По традиции, среди синонимов выделяют группу абсолютных, у которых будто бы нет ни семантических, ни стилистических отличий, например, луна и месяц. Однако экспериментальная подстановка их в один и тот же контекст: «Ракета запущена в сторону Луны (месяца)» – красноречиво свидетельствует, что синонимы функционально (а следовательно, и по смыслу) различаются (пример из книги: Гречко В.А. Лексическая синонимика современного русского литературного языка. Саратов, 1987. С. 46).
Сравним два предложения: «Оя неторопливо вернулся к своему столу» и *«Он неторопливо вернулся в Москву». Второе предложение убедительно свидетельствует, что наречие неторопливо предполагает, что действие совершается на глазах наблюдателя.

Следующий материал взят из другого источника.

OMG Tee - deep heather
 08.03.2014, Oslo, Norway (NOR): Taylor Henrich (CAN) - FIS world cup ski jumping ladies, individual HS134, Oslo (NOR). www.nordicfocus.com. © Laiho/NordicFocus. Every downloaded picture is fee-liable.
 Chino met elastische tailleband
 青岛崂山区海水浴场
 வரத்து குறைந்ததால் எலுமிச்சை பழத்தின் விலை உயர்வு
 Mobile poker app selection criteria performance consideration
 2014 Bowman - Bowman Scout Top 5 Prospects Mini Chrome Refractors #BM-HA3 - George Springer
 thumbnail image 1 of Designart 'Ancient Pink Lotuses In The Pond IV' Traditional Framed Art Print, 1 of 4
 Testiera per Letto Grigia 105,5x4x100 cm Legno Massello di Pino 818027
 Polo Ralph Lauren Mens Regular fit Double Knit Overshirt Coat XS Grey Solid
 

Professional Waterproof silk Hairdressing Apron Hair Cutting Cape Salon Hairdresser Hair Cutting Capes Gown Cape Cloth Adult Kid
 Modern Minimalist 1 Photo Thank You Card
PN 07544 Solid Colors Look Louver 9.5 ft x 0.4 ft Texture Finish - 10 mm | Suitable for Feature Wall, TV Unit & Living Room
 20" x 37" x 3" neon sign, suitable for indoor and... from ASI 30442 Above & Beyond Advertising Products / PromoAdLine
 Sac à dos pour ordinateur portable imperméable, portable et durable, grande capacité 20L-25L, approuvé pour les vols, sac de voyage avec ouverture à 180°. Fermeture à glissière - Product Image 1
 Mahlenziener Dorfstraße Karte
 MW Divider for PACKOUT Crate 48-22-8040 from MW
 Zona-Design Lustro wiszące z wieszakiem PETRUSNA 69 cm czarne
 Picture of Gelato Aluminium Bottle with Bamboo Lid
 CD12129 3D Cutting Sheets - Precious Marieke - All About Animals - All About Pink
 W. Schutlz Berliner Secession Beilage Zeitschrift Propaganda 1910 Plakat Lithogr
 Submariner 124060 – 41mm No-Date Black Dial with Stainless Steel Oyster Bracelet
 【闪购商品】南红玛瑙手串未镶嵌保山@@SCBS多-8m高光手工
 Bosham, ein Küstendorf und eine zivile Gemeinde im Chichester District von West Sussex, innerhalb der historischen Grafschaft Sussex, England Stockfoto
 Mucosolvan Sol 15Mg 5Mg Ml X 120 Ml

Чаще всего языковые эксперименты сводятся к различного рода трансформациям. Так, элементы содержания слова выявляются в результате преобразований синтаксических конструкций, включающих данное слово в качестве одного из компонентов. Многое дают диахронические и синхронические сопоставления слова как внутри одного языка, так и на базе разных языков. Особое место занимает методика психолингвистических экспериментов, с помощью которых исследователи проникают в глубь слова, изучают, к примеру, его эмоциональную нагрузку и коннотацию в целом. Использование лингвистического эксперимента требует от исследователя языкового чутья, эрудиции и научного опыта.
На эксперименте основывается вся современная психолингвистика. «Экспериментами над языком занимаются все: поэты, писатели, остряки и лингвисты. Удачный эксперимент указывает на скрытые резервы языка, неудачные – на их пределы» [Арутюнова 1987: 6].
Ныне описательный метод используется уже для представления языка не в виде номенклатуры отдельных слов и грамматических форм, а в виде определенной действующей системы и во многом смыкается с таксономическим методом.
Дополнительная литература
Кибрик А.Е. Методика полевых исследований (к постановке проблемы). – М., 1972.
Левицкий В.В., Стернин И.А. Экспериментальные методы в семасиологии. – Воронеж, 1989. Мустайокки А. О лингвистических экспериментах // Язык – система.
Язык – текст. Язык – способность. – М., 1995. С. 155–160. Федоров А.К Использование лингвистического эксперимента при изучении некоторых вопросов синтаксиса // Русский язык в школе. 1969. № 1.
Щерба Л.В. О трояком аспекте языковых явлений и об эксперименте в языкознании // Щерба Л.B. Языковая система и речевая деятельность. – Л., 1974. С. 24–39.
3. Таксономический метод
Таксономический метод является тоже описательным методом, но на качественно иной его ступени. «Таксономия – совокупность принципов и правил классификации лингвистических объектов (языков и языковых единиц), а также сама эта классификация» [АЭС: 504].